> _Assignment_:
Transcribe exactly everything in the data below from the line containing "Product Introduction of" down to the line containing "Szafki TV, 2", both lines included and nothing further.

(Records for this task Opens)

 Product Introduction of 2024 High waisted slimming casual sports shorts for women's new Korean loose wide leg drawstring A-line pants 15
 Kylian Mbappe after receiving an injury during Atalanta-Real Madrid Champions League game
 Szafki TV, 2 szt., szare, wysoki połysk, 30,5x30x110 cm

(Records for this task Closes)
(Records for this task Opens)

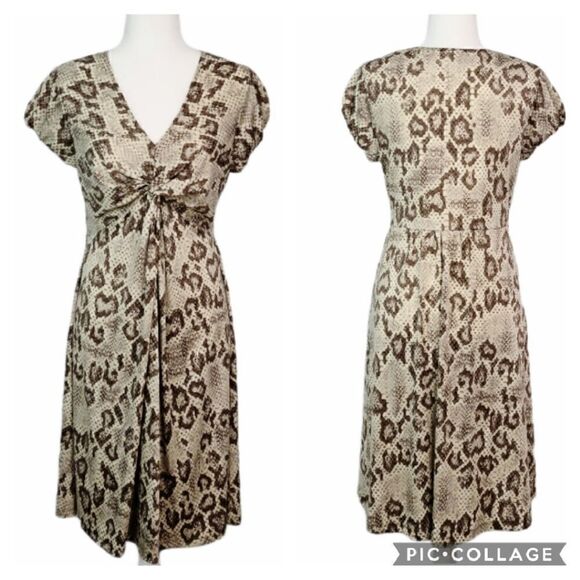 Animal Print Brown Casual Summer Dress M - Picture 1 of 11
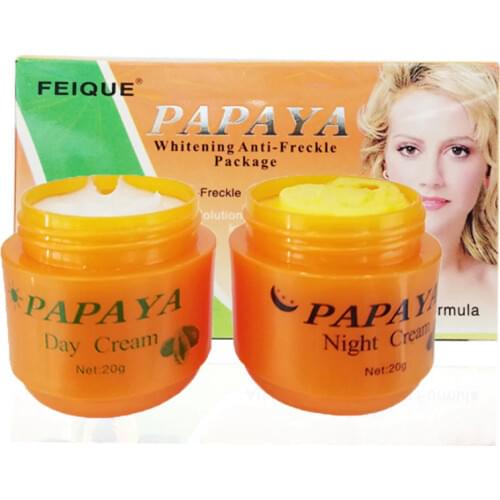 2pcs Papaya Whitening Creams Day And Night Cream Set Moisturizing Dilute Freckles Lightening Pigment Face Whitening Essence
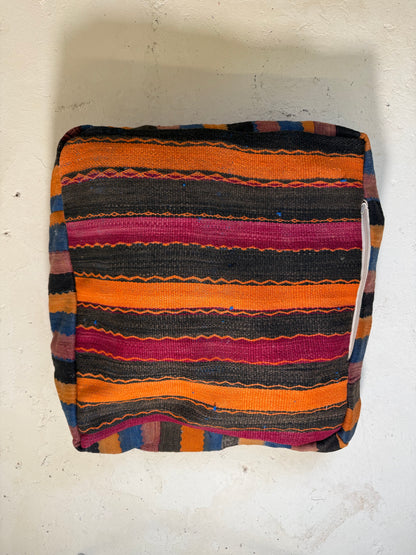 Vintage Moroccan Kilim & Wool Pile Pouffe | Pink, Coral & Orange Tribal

(Records for this task Closes)

> _Solution to this exercise_:
 Product Introduction of 2024 High waisted slimming casual sports shorts for women's new Korean loose wide leg drawstring A-line pants 15
 Kylian Mbappe after receiving an injury during Atalanta-Real Madrid Champions League game
 Szafki TV, 2 szt., szare, wysoki połysk, 30,5x30x110 cm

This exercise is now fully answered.